=== Action item ===
Pictures aside, repeat the listing below exactly.
--- Data excerpt Enclosed Below ---
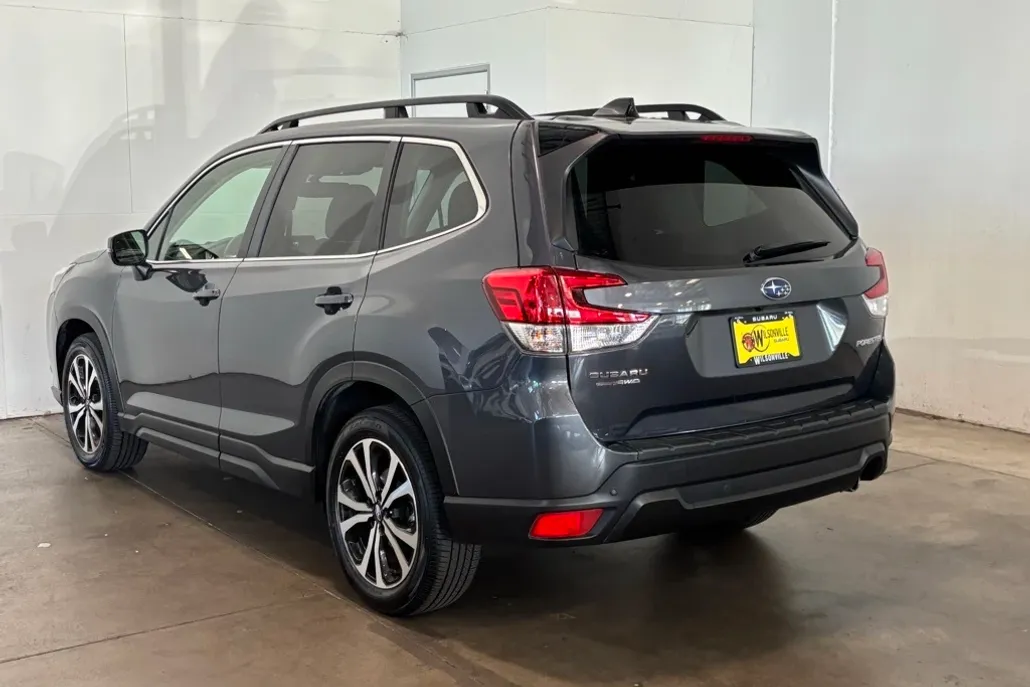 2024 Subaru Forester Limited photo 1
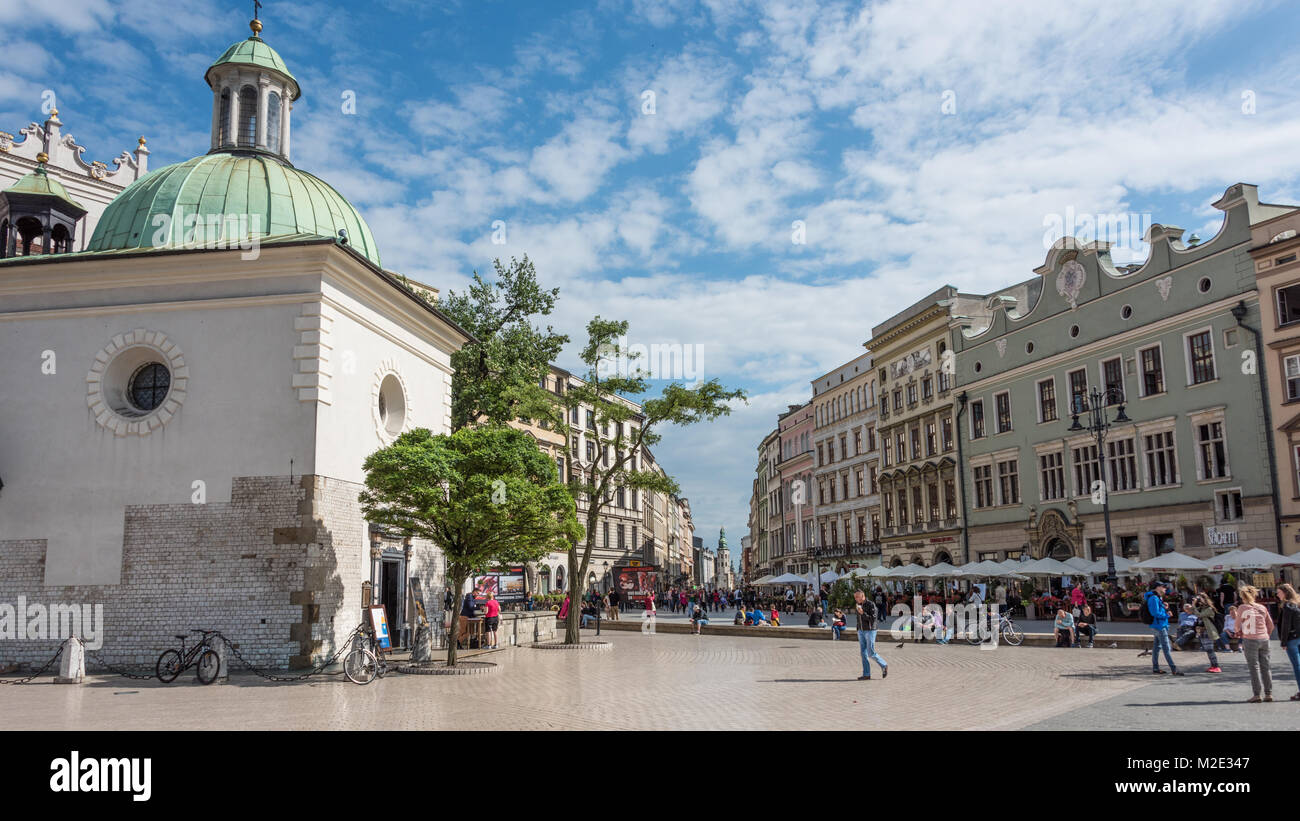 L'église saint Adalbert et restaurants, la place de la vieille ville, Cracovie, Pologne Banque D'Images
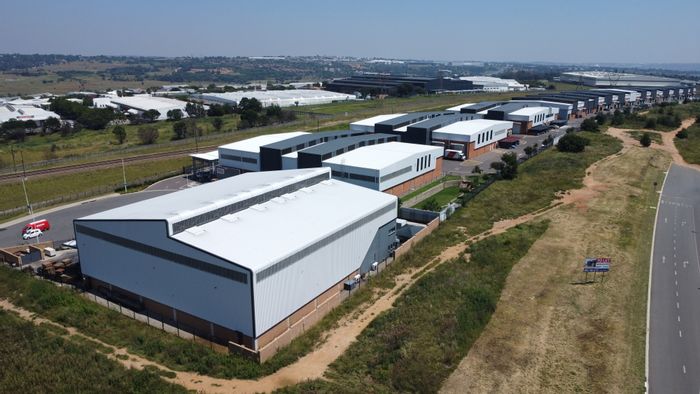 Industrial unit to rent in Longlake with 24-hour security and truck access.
--- End of Enclosed Data excerpt ---
=== Answer box ===
 2024 Subaru Forester Limited photo 1
 L'église saint Adalbert et restaurants, la place de la vieille ville, Cracovie, Pologne Banque D'Images
 Industrial unit to rent in Longlake with 24-hour security and truck access.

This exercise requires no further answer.